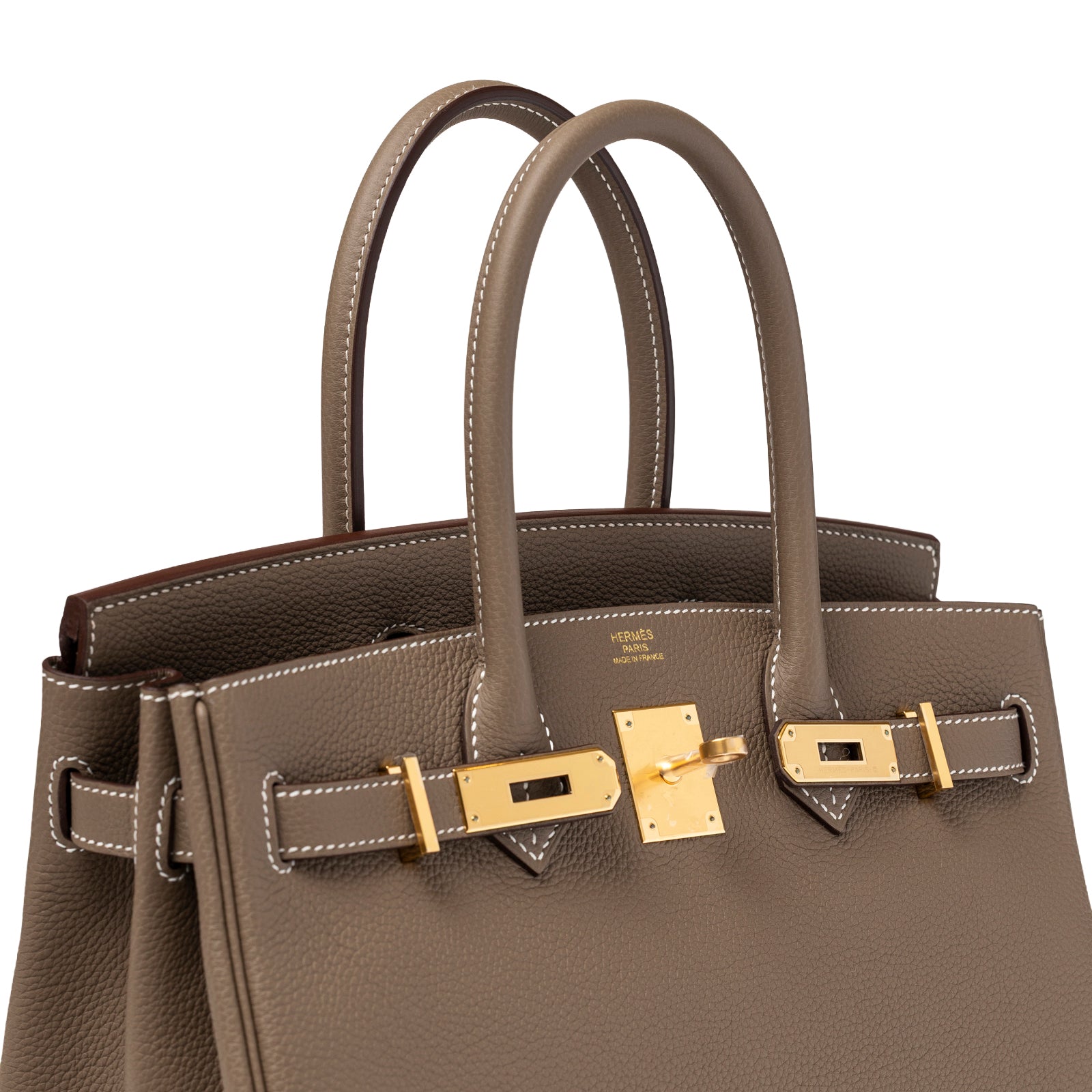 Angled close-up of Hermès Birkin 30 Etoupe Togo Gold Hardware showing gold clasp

==========

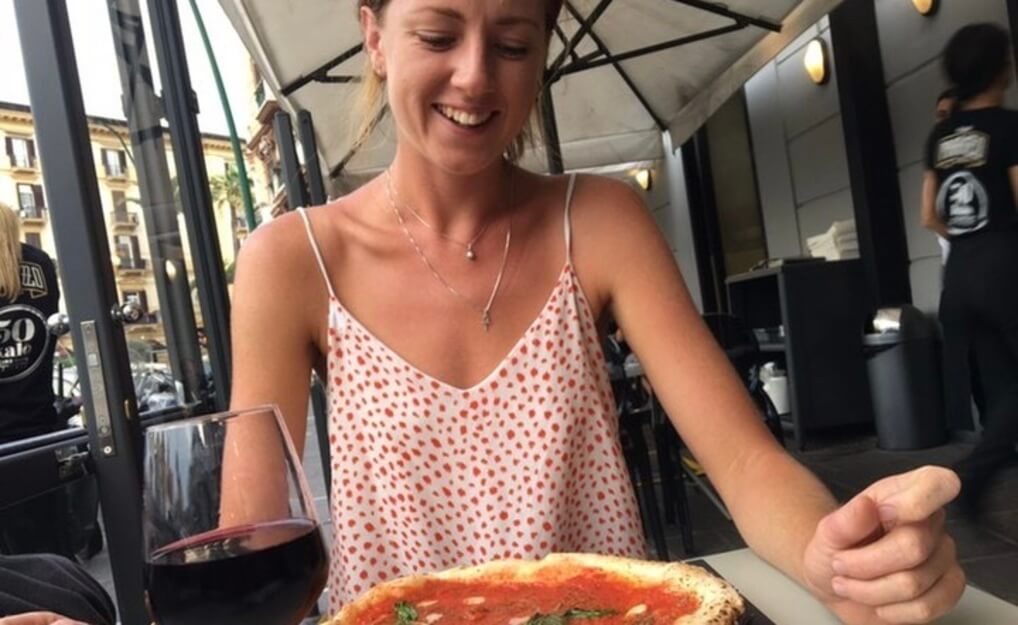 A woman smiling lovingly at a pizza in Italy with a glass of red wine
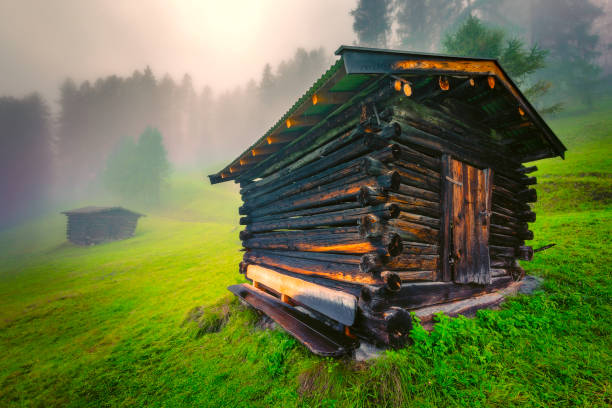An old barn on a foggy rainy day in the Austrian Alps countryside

==========

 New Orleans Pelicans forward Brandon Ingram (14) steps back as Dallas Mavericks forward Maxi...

==========

§ EXERCISE REQUIREMENTS
In the listing above, find the line containing "A woman smiling" and the line containing "An old barn", then return both of them and every line between, exactly, without pictures.

§ TASK RESULT
 A woman smiling lovingly at a pizza in Italy with a glass of red wine
An old barn on a foggy rainy day in the Austrian Alps countryside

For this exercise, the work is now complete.